Data extracted from a collection
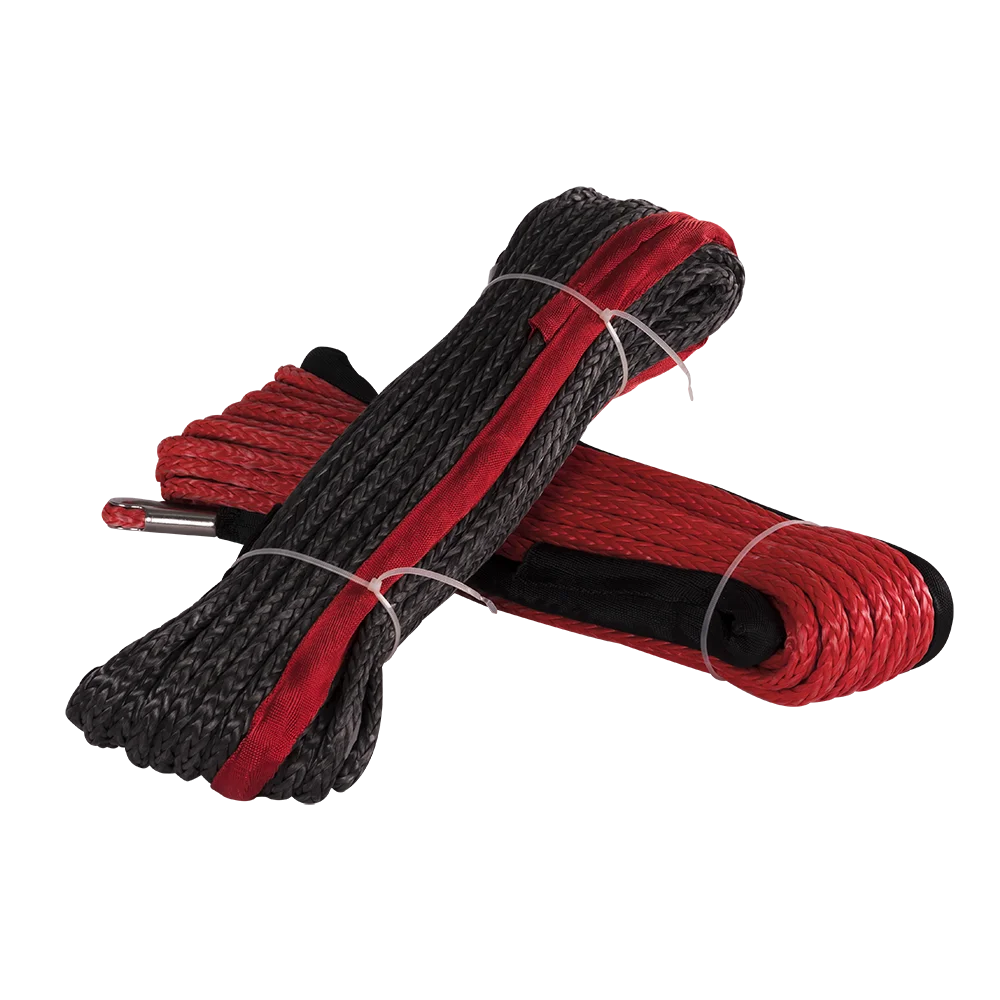 Hot Sale 11mm 100m Wakeboard-winch- Uhmwpe Braided Winch Rope
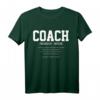 Coach Definition Lustiges Handball Fußball Trainer Sport T-Shirt – Perfektes Geschenk für Trainer aller Sportarten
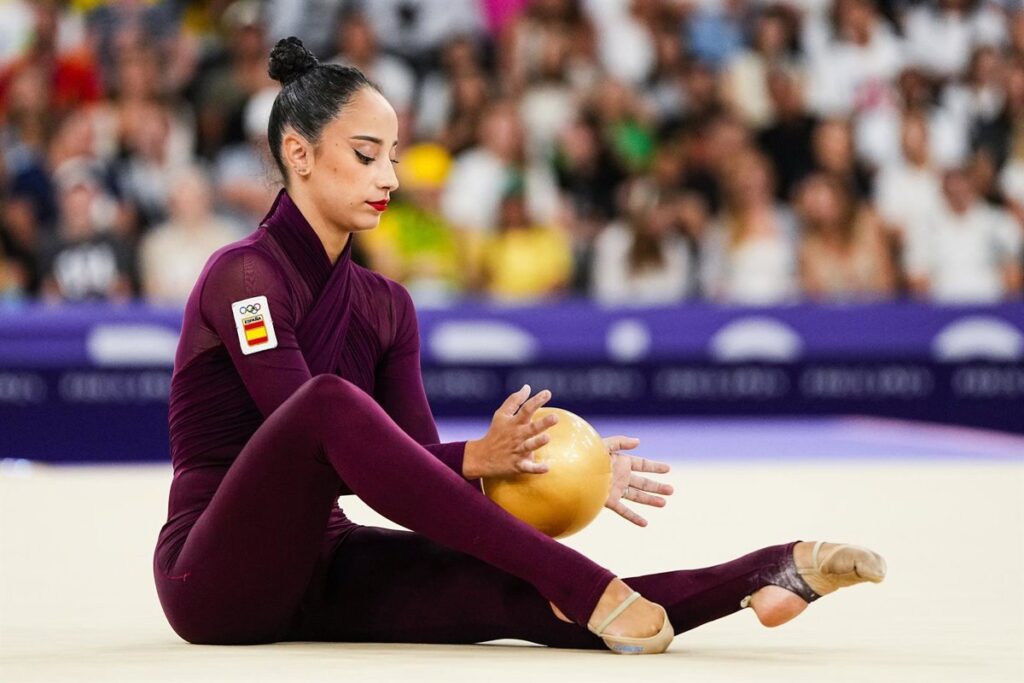 Alba Bautista y Lucía González inician el Mundial de Gimnasia Rítmica en Río de Janeiro desde la 19ª y 29ª posición.
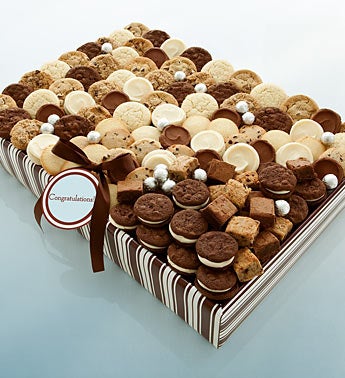 Cheryl's Congratulations Dessert Tray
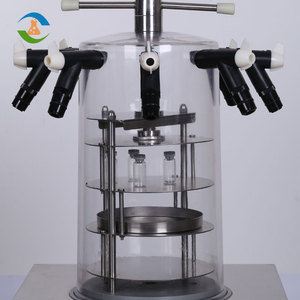 Colector secador congelador liofilizador con 8 <span class=keywords><strong>berenjena</strong></span> botella de forma - Product Image 5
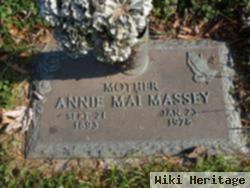 Anna Mai "annie" Burnette Massey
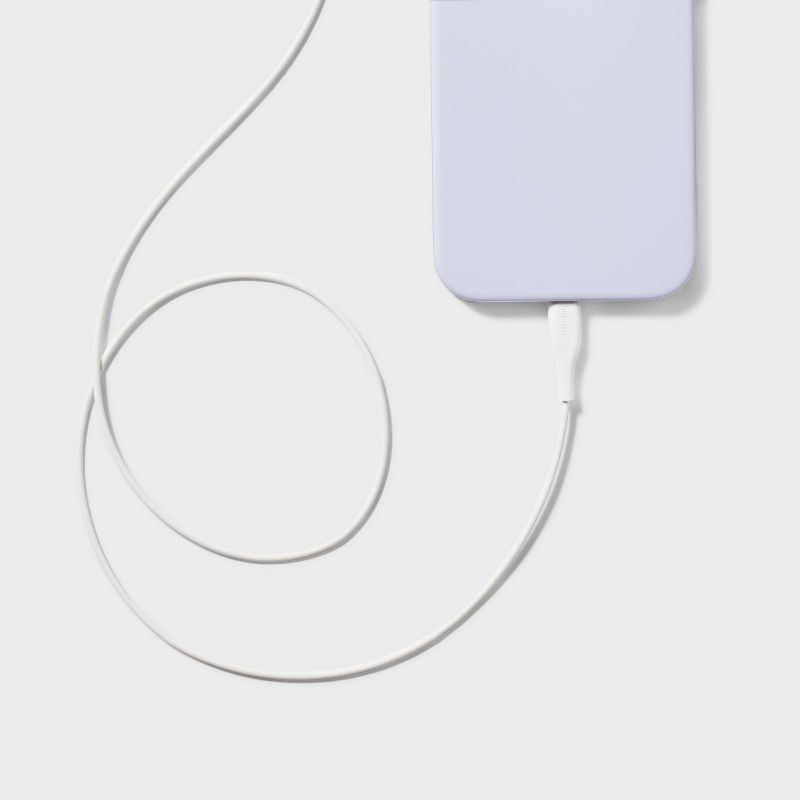 3&#39; USB-C to Aux Cable - heyday&#8482; White, 2 of 4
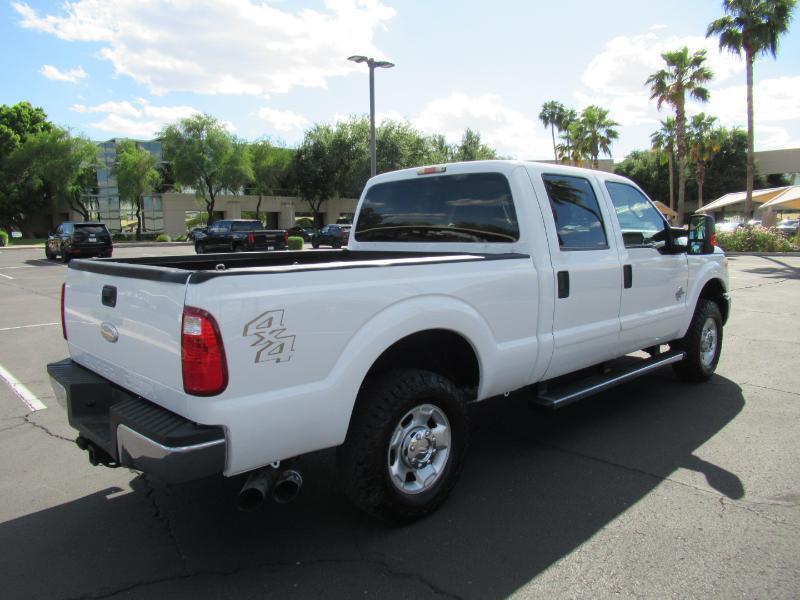 Ford F-250 SD XLT Crew Cab Long Bed 4WD 2011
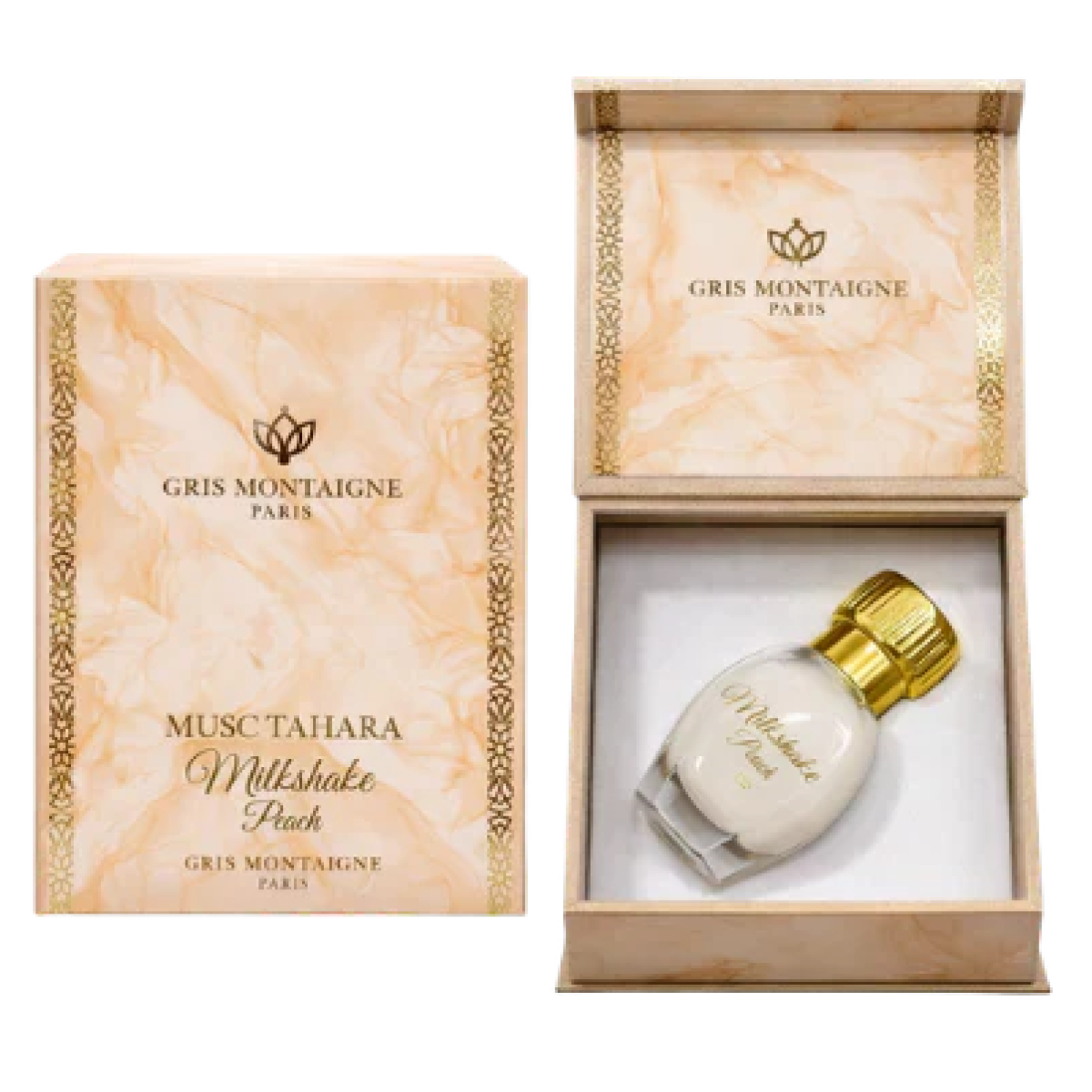 Gris Montaigne - Musc Tahara Milkshake Peach - Concentré de Parfum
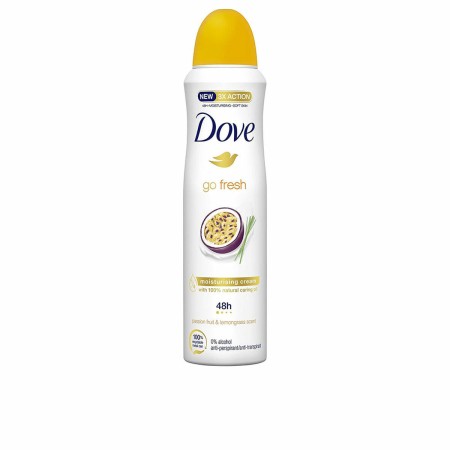 Spray Deodorant Dove Go Fresh Lemon Passion Fruit 200 ml by Dove, Deodorants & Anti-Perspirants - Ref: S05117175, Price: 4,31...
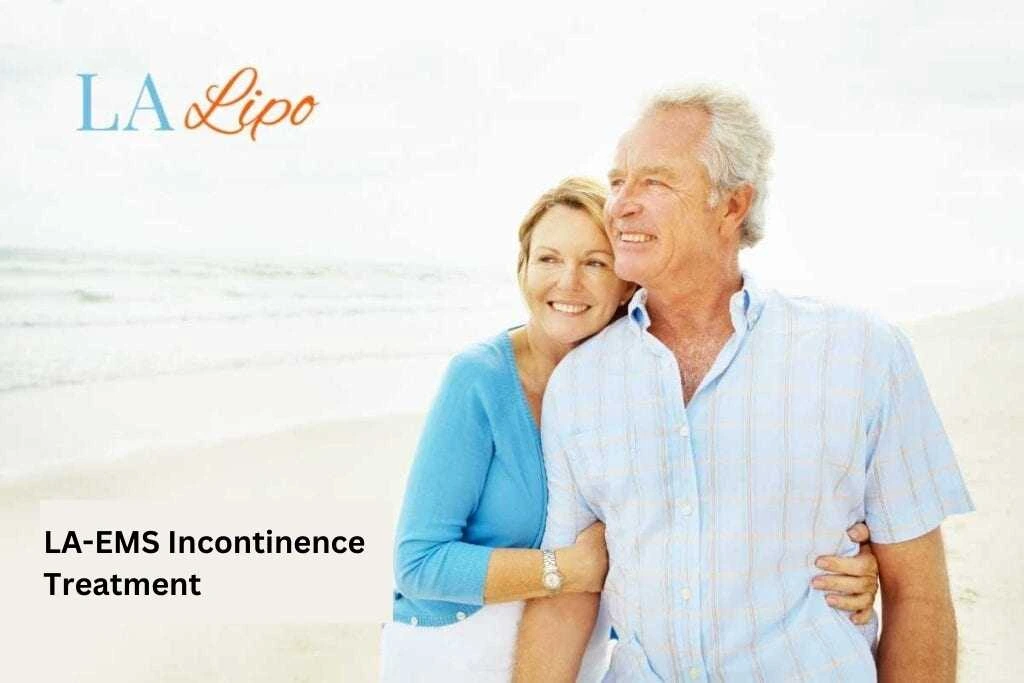 happy couple after treating stress incontinence Kings Langley speak to our team today.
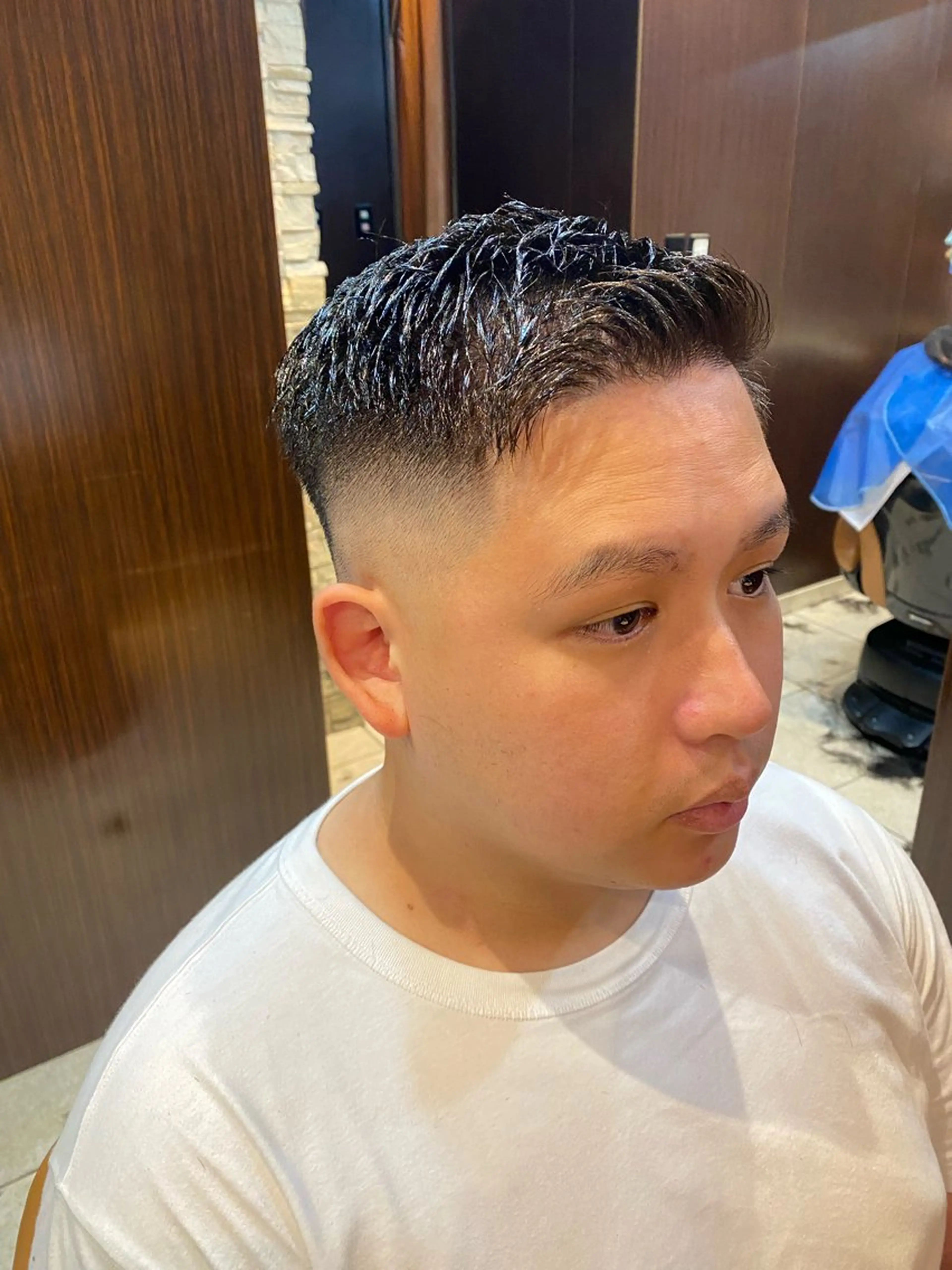 ショート 北川 竜也のヘアスタイル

**Work order**
In your answer, print the entries above exactly, with the pictures left out.

**Exercise response**
 Hot Sale 11mm 100m Wakeboard-winch- Uhmwpe Braided Winch Rope
 Coach Definition Lustiges Handball Fußball Trainer Sport T-Shirt – Perfektes Geschenk für Trainer aller Sportarten
 Alba Bautista y Lucía González inician el Mundial de Gimnasia Rítmica en Río de Janeiro desde la 19ª y 29ª posición.
 Cheryl's Congratulations Dessert Tray
 Colector secador congelador liofilizador con 8 <span class=keywords><strong>berenjena</strong></span> botella de forma - Product Image 5
 Anna Mai "annie" Burnette Massey
 3&#39; USB-C to Aux Cable - heyday&#8482; White, 2 of 4
 Ford F-250 SD XLT Crew Cab Long Bed 4WD 2011
 Gris Montaigne - Musc Tahara Milkshake Peach - Concentré de Parfum
 Spray Deodorant Dove Go Fresh Lemon Passion Fruit 200 ml by Dove, Deodorants & Anti-Perspirants - Ref: S05117175, Price: 4,31...
 happy couple after treating stress incontinence Kings Langley speak to our team today.
 ショート 北川 竜也のヘアスタイル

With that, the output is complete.